Embargoes handling
OpenBSD isn’t usually included in security embargoes anymore, likely because they have the bad habit of not playing well with them, although they never technically broken one.
About CVE-2014-0224, Theo de Raadt said in June 2014:
We are sorry that the errata for these libssl security issues are not up yet.
The majority of these issues are in our ssl library as well.
Most other operating system vendors have patches available, but that is because they were (obviously) given a heads up to prepare them over the last few days.
OpenBSD / LibreSSL did not receive any heads-up from OpenSSL.
So hold on, we’ll try to have errata out in a few hours.
But in May 2014, he also said:
The errata would have gone out same day Ted commited the fix, except I was in the Atlas mountains… and then it was forgotten until I got back home.
I’m sure you’ve all got your “processes” for handling these things. But then you get paid for handling these things in some way, don’t you?
We don’t get paid. And therefore, I don’t know where I should find the time to be on another mailing list. It is not like I would have sent a mail to anyone. In general our processes are simply commit & publish. So I’ll decline.
LWN has a nice timeline and some details about the interactions between OpenBSD and the OpenSSL security issues fixed in 2014.
For Stack Clash, OpenBSD release a fix the 18th of May 2017, a day after the issue was communicated to the distros list. The embargo was supposed to last until May 30, but was moved to June 19, as requested by Red Hat. Check the timeline from Solar Designer for more details. Since OpenBSD isn’t part of the distros list, they were notified by Qualys separately, under unknown terms, but it would be surprising that Qualys allowed them to disclose the vulnerability before the end of the embargo.

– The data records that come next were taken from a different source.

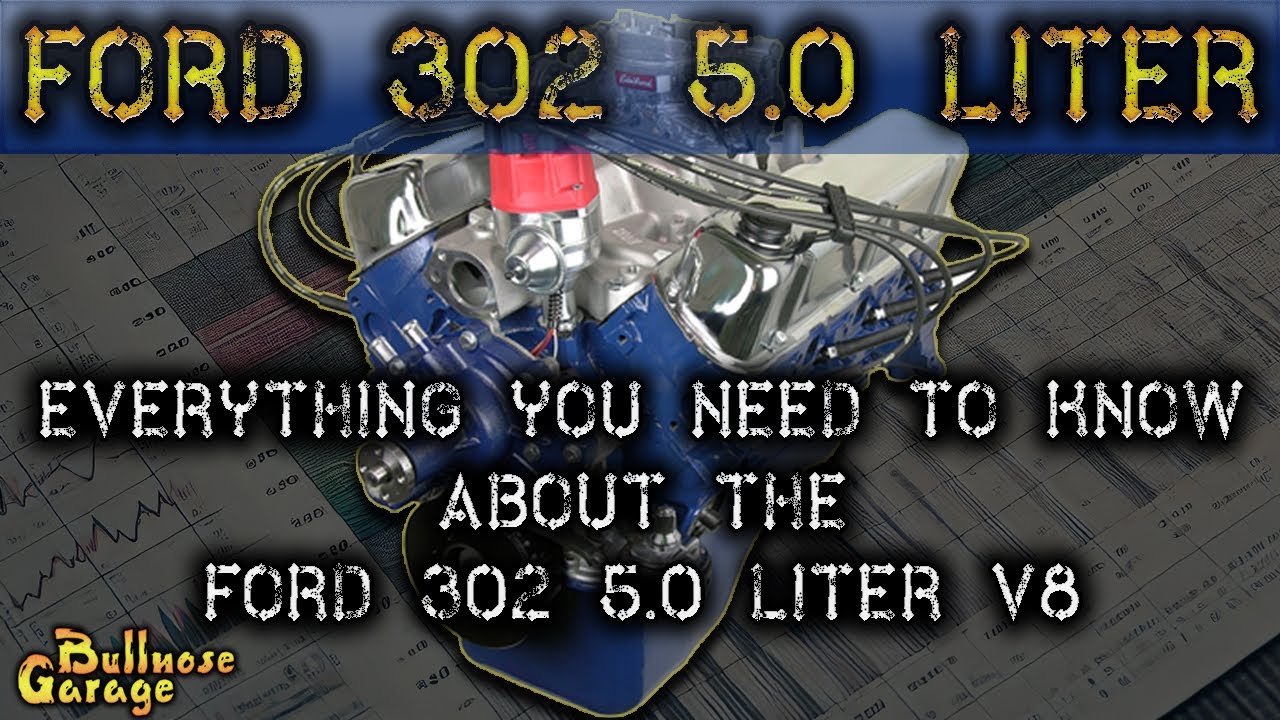Ford 302 5.0 Liter Engine - What You Need to Know About Ford's Legendary V8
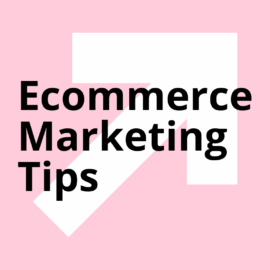Ecommerce marketing tips standard editorial post 13308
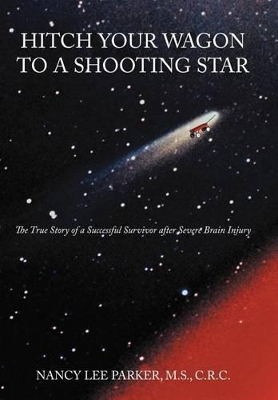 Hitch Your Wagon to A Shooting Star: The True Story of a Successful Survivor After Severe Brain Injury by NANCY LEE PARKER M.S. C.R.C.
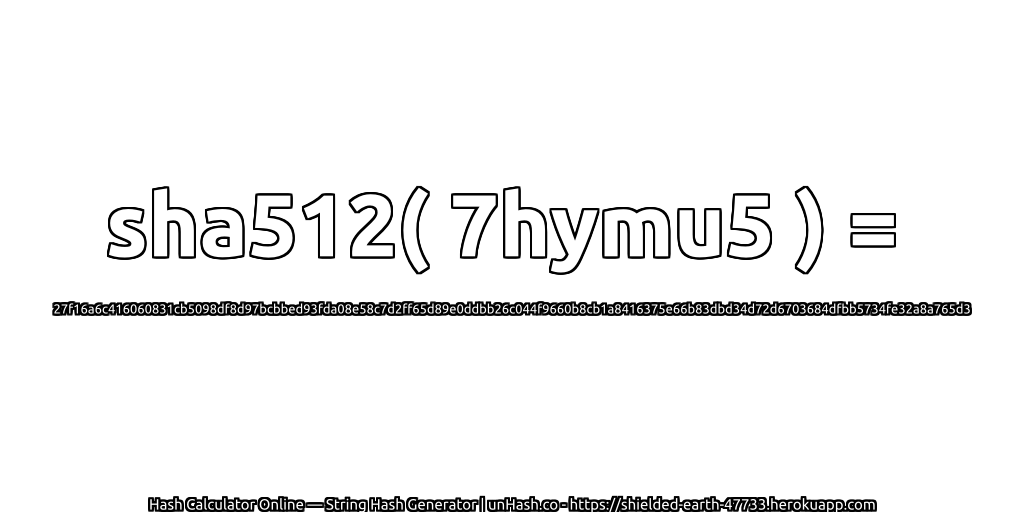 sha512( 7hymu5 ) = 27f16a6c416060831cb5098df8d97bcbbed93fda08e58c7d2ff65d89e0ddbb26c044f9660b8cb1a8416375e66b83dbd34d72d6703684dfbb5734fe32a8a765d3 | unHash.co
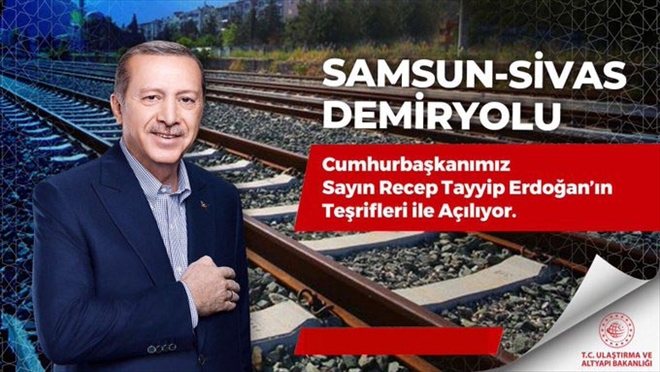 Samsun-Sivas Demiryolu Hattı açıldı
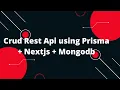 Next js 14 Tutorial Crud Rest Api using Prisma Nextjs Mongodb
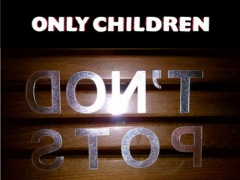 ONLY CHILDREN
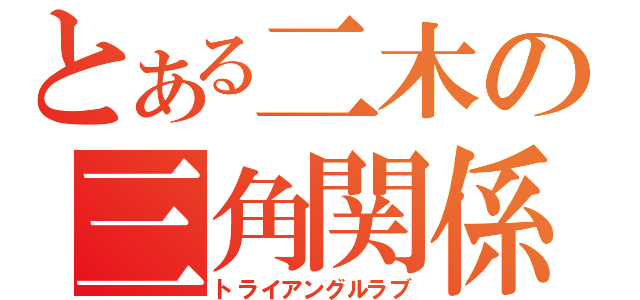 とある二木の三角関係（トライアングルラブ）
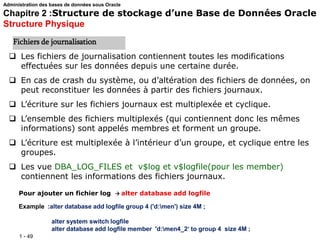 1 - 49
 Les fichiers de journalisation contiennent toutes les modifications
effectuées sur les données depuis une certaine durée.
 En cas de crash du système, ou d’altération des fichiers de données, on
peut reconstituer les données à partir des fichiers journaux.
 L’écriture sur les fichiers journaux est multiplexée et cyclique.
 L’ensemble des fichiers multiplexés (qui contiennent donc les mêmes
informations) sont appelés membres et forment un groupe.
 L’écriture est multiplexée à l’intérieur d’un groupe, et cyclique entre les
groupes.
 Les vue DBA_LOG_FILES et v$log et v$logfile(pour les member)
contiennent les informations des fichiers journaux.
Pour ajouter un fichier log  alter database add logfile
Example :alter database add logfile group 4 ('d:men') size 4M ;
alter system switch logfile
alter database add logfile member 'd:men4_2‘ to group 4 size 4M ;
Fichiers de journalisation
Administration des bases de données sous Oracle
Chapitre 2 :Structure de stockage d’une Base de Données Oracle
Structure Physique
 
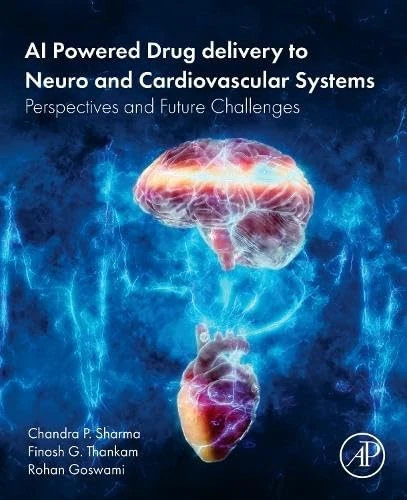 AI Powered Drug delivery to Neuro and Cardiovascular Systems: Perspectives and Future Challenges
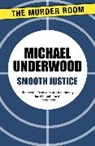Michael Underwood - Smooth Justice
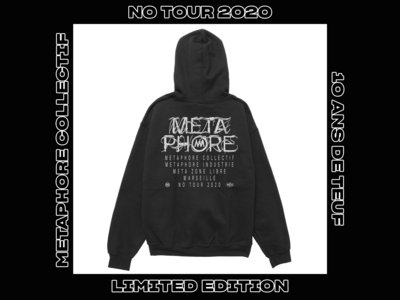 Metaphore Collectif NO TOUR 2020 Hoodie - Limited edition main photo
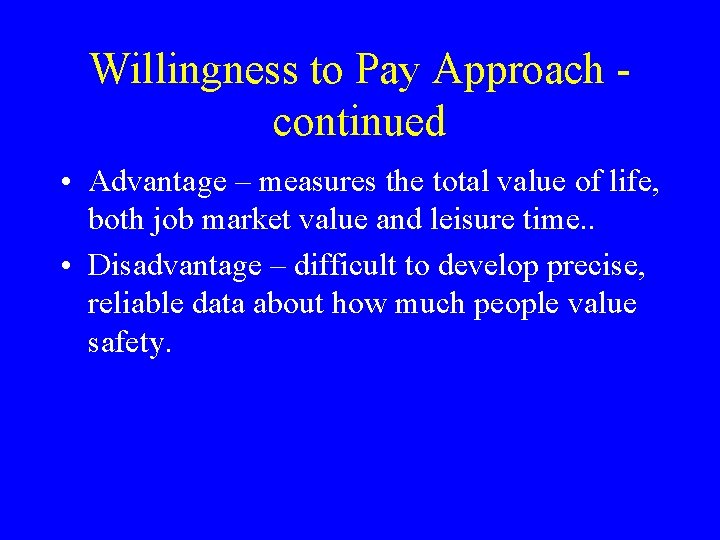 Willingness to Pay Approach continued • Advantage – measures the total value of life,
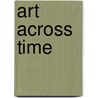 Art Across Time door Onbekend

OpenBSD also handled KrackAttack in a surprising way in 2017. Stefan Sperling, an OpenBSD developer, explained in November 2017 what happened on their side:
What happened is that he told me on July 15, and gave a 6 weeks embargo until end of August. We already complained back then that this was way too long and leaving people exposed.
Then he got CERT (and, thus, US gov agencies) involved and had to extend the embargo even further until today. At that point we already had the ball rolling and decided to stick to the original agreement with him, and he gave us an agreeing nod towards that as well.
In this situation, a request for keeping the problem and fix secret is a request to leave our users at risk and exposed to insiders who will potentially use the bug to exploit our users. And we have no idea who the other insiders are. We have to assume that information of this kind leaks and dissipates pretty fast in the security “community”.
We chose to serve the needs of our users who are the vulnerable people in this drama. I stand by that choice.
On the Lazy FPU state leak (CVE-2018-3665), Theo talked about the vulnerability at BSDCan 2018, allowing Colin Percival to write a working exploit in a couple of hours, making the embargo moot. The OpenBSD people, not part of the embargo, claimed that they discovered (and patched) the vulnerability independently.
Colin Percival, Security Officer for FreeBSD between 2005 and 2012, said in 2018:
Maybe I should have said Theo rather than OpenBSD? But seriously, look at the Lazy FPU thing – someone leaked it to Theo, and his immediate response wasn’t “gee, this sounds serious, I should work together with other vendors to make sure that we can all get this fixed”; it was “let’s publicly disclose the vulnerability at the soonest opportunity”.
I’m not saying that he has agreed to embargoes and then broken them. I’m saying that he has made it clear that he isn’t interested in acting as a productive member of the community.
In 2018, Theo de Raadt complained that Intel didn’t give OpenBSD advance notices for L1TF.
This is likely thanks to all of that OpenBSD was not part of the coordinated disclosure of CVE-2018-14665, a trivial privilege escalation in Xorg (mentioned above in the article).
An interesting outsider in the embargo world worth mentioning is grsecurity:
As a matter of principle, we choose not to participate in embargoes (even for issues reported to us) as they distort public perception of security: differences in response time, level of proactive measures, and quality of in-house security talent is obfuscated through the activity and delay happening behind closed doors. Effective security shouldn’t depend on hoping the “bad guys” don’t have early access to vulnerability information, which is what zero-days are all about.